| Excerpts from a dataset |
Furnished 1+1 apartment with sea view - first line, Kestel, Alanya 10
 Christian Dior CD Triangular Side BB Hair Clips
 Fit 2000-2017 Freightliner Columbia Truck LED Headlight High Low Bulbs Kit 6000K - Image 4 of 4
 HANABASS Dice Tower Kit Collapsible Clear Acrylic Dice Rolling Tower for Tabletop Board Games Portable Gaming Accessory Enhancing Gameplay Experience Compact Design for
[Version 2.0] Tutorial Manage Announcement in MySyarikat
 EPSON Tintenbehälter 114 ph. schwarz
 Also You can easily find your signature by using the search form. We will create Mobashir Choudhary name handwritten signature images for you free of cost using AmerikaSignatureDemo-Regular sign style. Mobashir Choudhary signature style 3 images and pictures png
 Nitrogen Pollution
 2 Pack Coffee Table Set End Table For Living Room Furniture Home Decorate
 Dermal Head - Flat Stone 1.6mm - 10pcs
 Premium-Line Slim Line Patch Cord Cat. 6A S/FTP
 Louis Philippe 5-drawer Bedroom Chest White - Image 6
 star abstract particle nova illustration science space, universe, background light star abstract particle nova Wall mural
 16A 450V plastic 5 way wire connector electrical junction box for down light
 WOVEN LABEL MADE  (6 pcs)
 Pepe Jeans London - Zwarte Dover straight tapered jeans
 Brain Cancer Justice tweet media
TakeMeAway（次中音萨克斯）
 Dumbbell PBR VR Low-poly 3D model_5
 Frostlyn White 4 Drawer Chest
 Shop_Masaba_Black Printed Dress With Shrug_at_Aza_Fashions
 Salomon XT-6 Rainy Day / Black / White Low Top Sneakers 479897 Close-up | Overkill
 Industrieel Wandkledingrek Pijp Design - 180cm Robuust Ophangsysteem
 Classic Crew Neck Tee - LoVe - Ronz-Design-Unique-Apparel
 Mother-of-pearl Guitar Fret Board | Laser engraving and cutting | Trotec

| What you need to do |
Take the lines from the start of the records through the line holding "Louis Philippe 5-drawer", both included, and please print them exactly, with nothing else.

| Task result |
Furnished 1+1 apartment with sea view - first line, Kestel, Alanya 10
 Christian Dior CD Triangular Side BB Hair Clips
 Fit 2000-2017 Freightliner Columbia Truck LED Headlight High Low Bulbs Kit 6000K - Image 4 of 4
 HANABASS Dice Tower Kit Collapsible Clear Acrylic Dice Rolling Tower for Tabletop Board Games Portable Gaming Accessory Enhancing Gameplay Experience Compact Design for
[Version 2.0] Tutorial Manage Announcement in MySyarikat
 EPSON Tintenbehälter 114 ph. schwarz
 Also You can easily find your signature by using the search form. We will create Mobashir Choudhary name handwritten signature images for you free of cost using AmerikaSignatureDemo-Regular sign style. Mobashir Choudhary signature style 3 images and pictures png
 Nitrogen Pollution
 2 Pack Coffee Table Set End Table For Living Room Furniture Home Decorate
 Dermal Head - Flat Stone 1.6mm - 10pcs
 Premium-Line Slim Line Patch Cord Cat. 6A S/FTP
 Louis Philippe 5-drawer Bedroom Chest White - Image 6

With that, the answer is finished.